# Task brief
Return the lines that run from the line containing "Eletroventilador interno duplo" through the end of the entries, both ends included. Leave out all pictures.
(Records for the task begins)
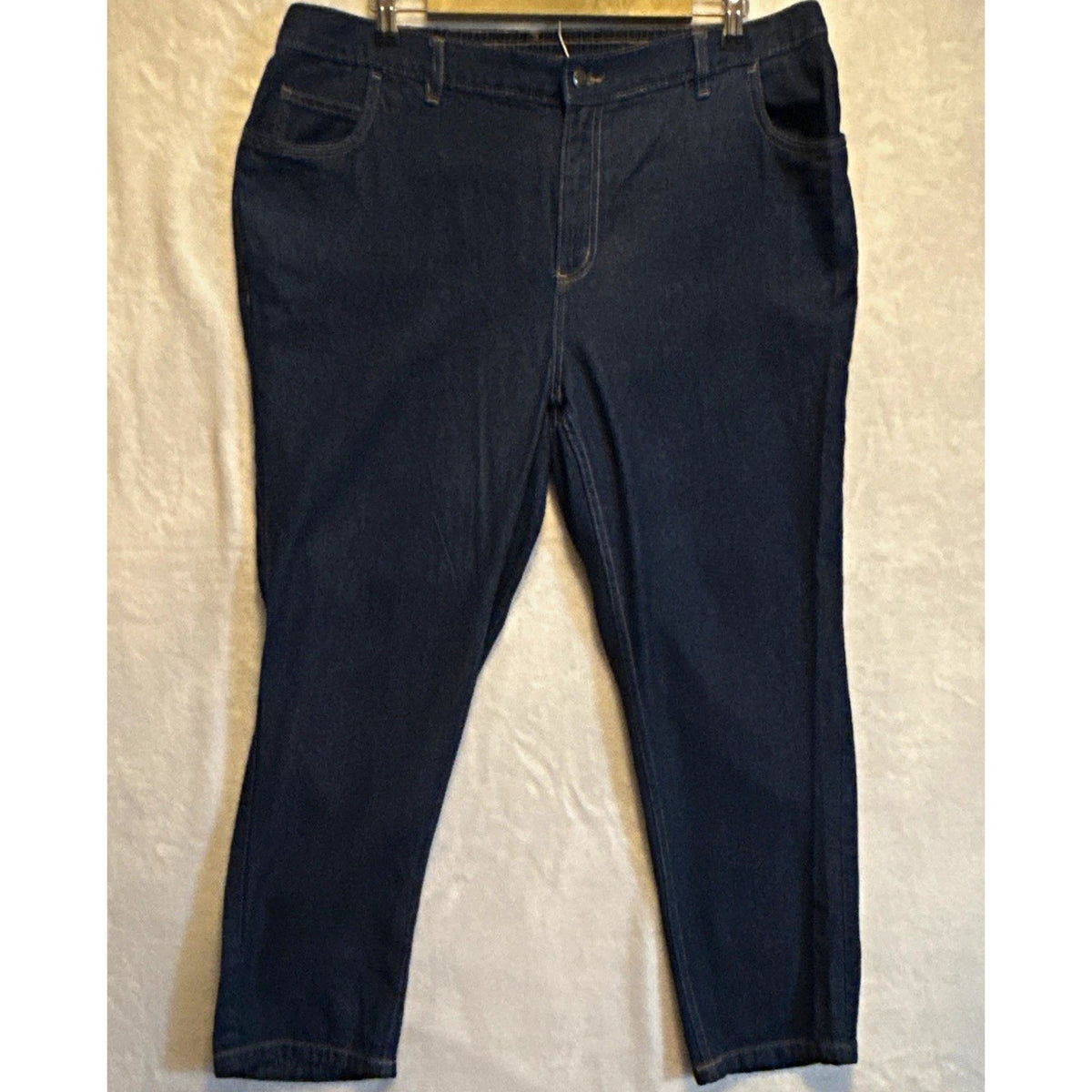 Woman Within Women’s Blue Denim Jeans Size 18W Petite Cotton 5-Pocket Button Zip
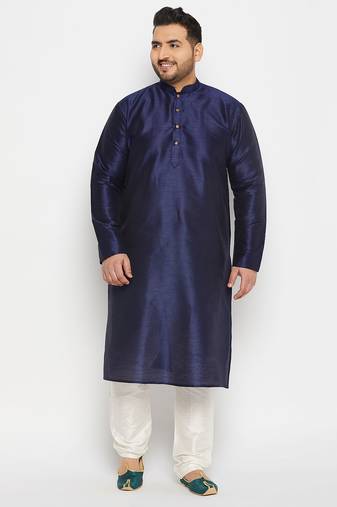 Men's navy blue and cream silk blend kurta pyjama set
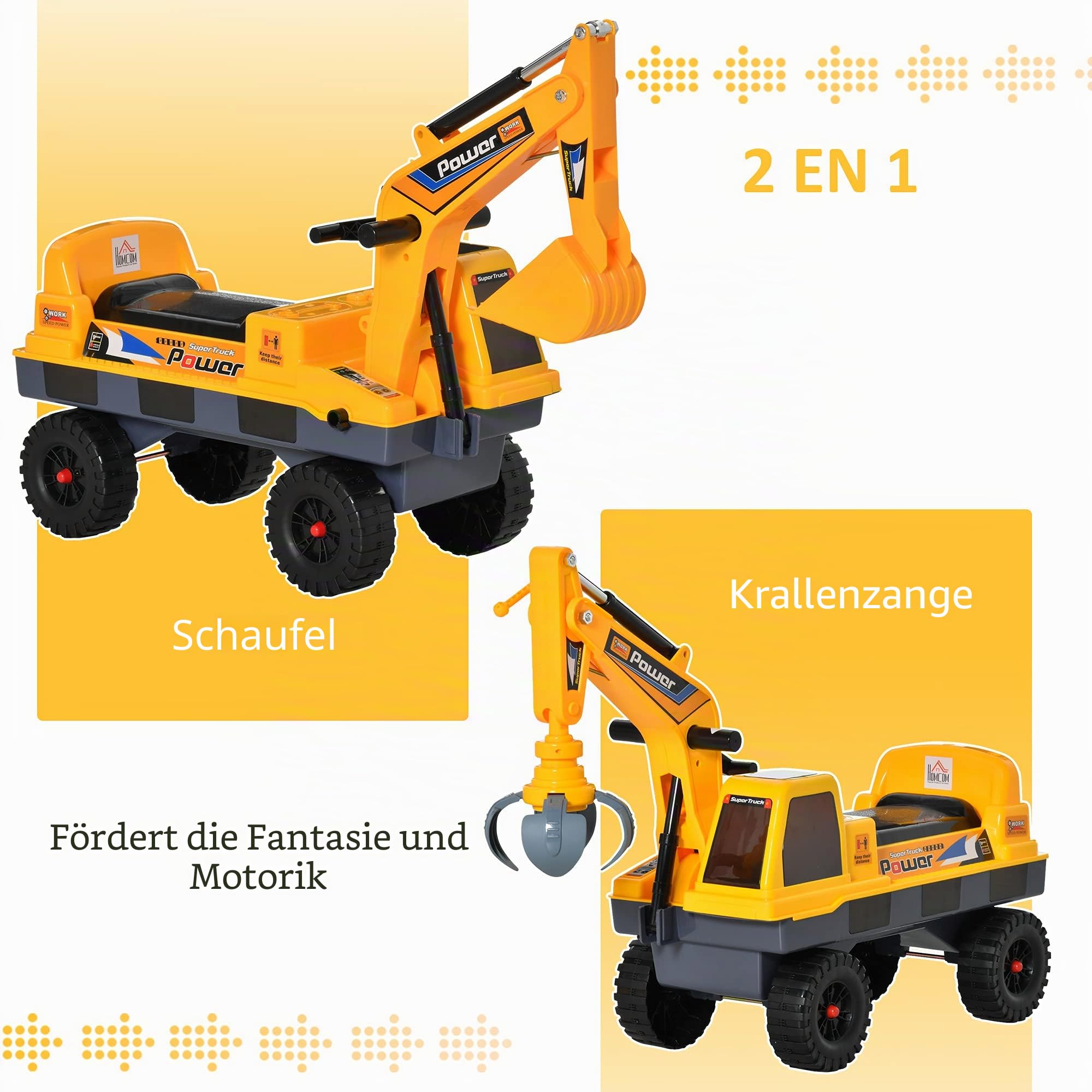 Homcom Kinder Tritor Lauflernhilfe Traktor 2 – 3 Jahre Bagger mit Gelenk, mit Zange inkl. Soundeffekte, Polypropylen, Gelb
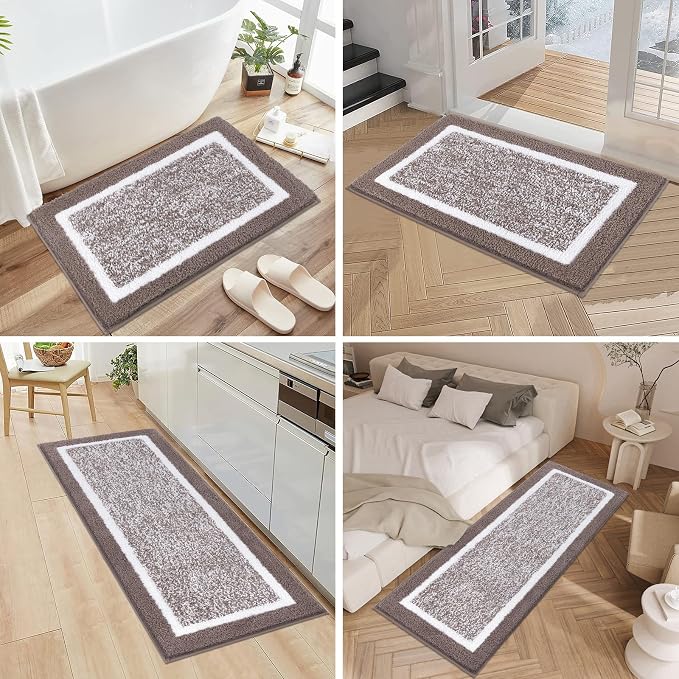 Pauwer Bathroom Rug Sets 3 Piece, Non Slip Washable Bath Mat, Coffee | Soft Plush Microfiber, Super Absorbent Floor Carpet, U Shaped Toilet Mats, Quick Dry, Shaggy Shower Rugs Runners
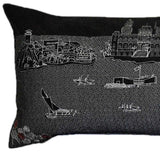 46" Black Hawaii Nighttime Skyline Lumbar Decorative Pillow - Homeroots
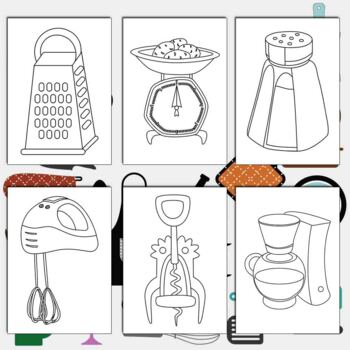 Kitchen Utensils Coloring Graphic by Revidevi · Creative Fabrica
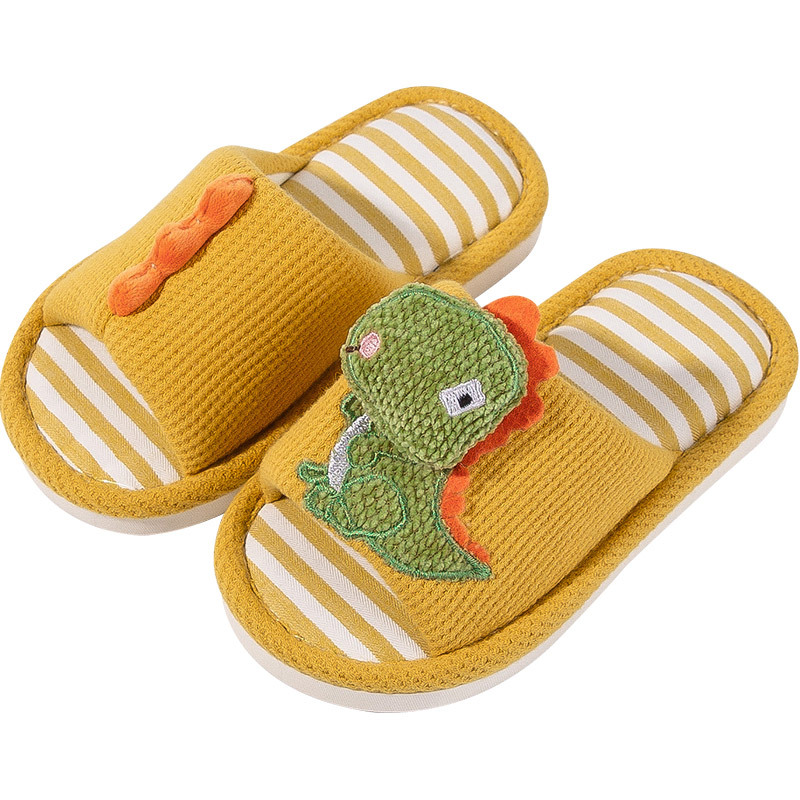Little Deer Mili Children's Slippers Spring and Autumn style Dinosaur Linen slippers Home anti-slip soft-soled indoor slippers Application Scenario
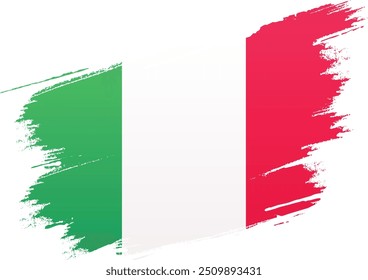 Bandeira italiana na textura do pincel
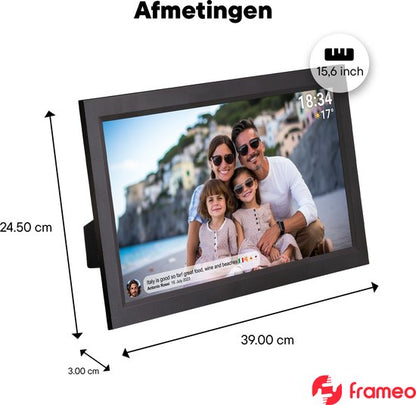 Denver Digitale Fotolijst 15.6 inch - XL - Full HD - Frameo App - Fotokader - WiFi - 16GB - IPS Touchscreen - PFF1503B NIEUW!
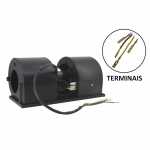 Eletroventilador interno duplo 24V com capa de proteção tamanho 351mm x 130mm com terminais diâmetro das hélices 103mm 3 velocidades climatizador interclima universal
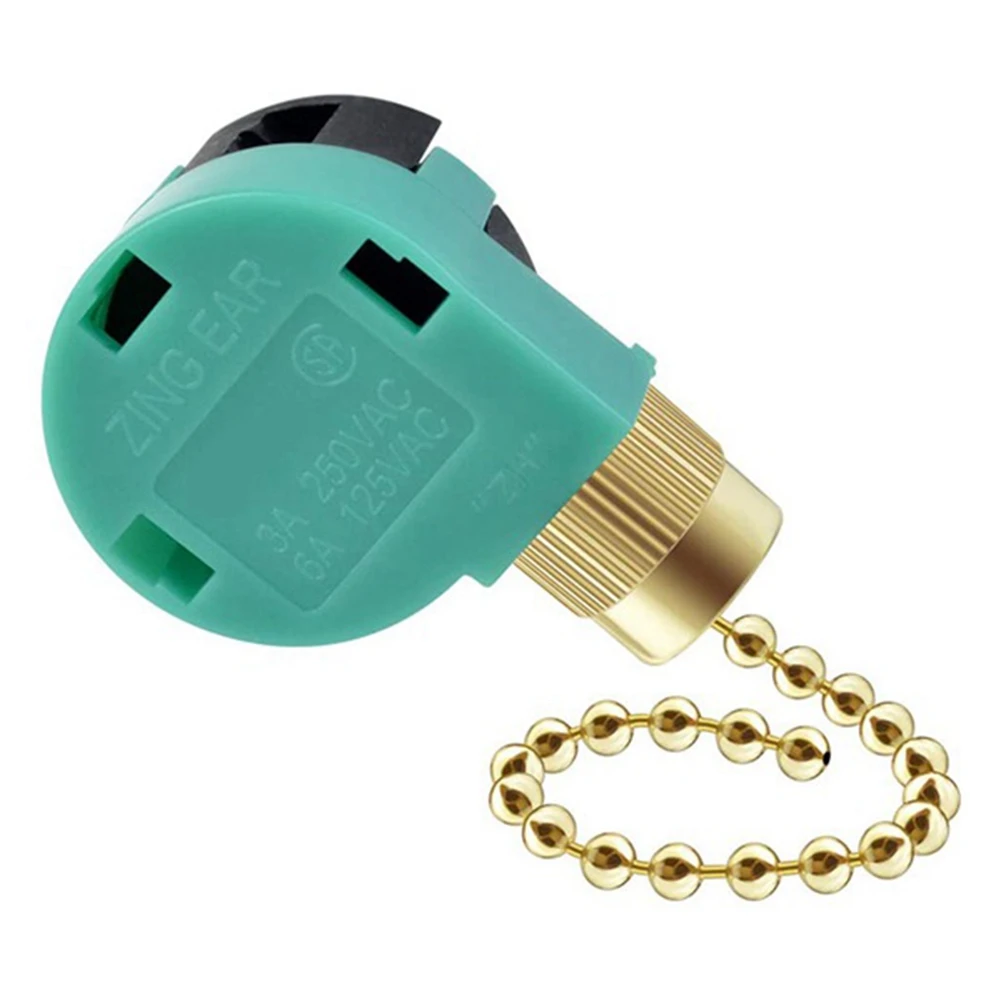 4 szt. Przełącznik wentylatora sufitowego Zing Ear ZE-268S6, 3 prędkości, 4 przewody, przewód łańcuchowy, części przełącznika urządzenia (złoty)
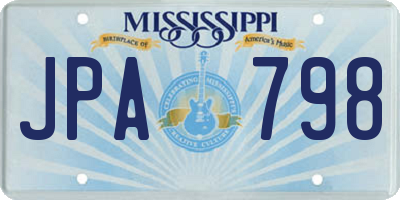 MS license plate JPA798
(Records for the task ends)
# Expected output
 Eletroventilador interno duplo 24V com capa de proteção tamanho 351mm x 130mm com terminais diâmetro das hélices 103mm 3 velocidades climatizador interclima universal
 4 szt. Przełącznik wentylatora sufitowego Zing Ear ZE-268S6, 3 prędkości, 4 przewody, przewód łańcuchowy, części przełącznika urządzenia (złoty)
 MS license plate JPA798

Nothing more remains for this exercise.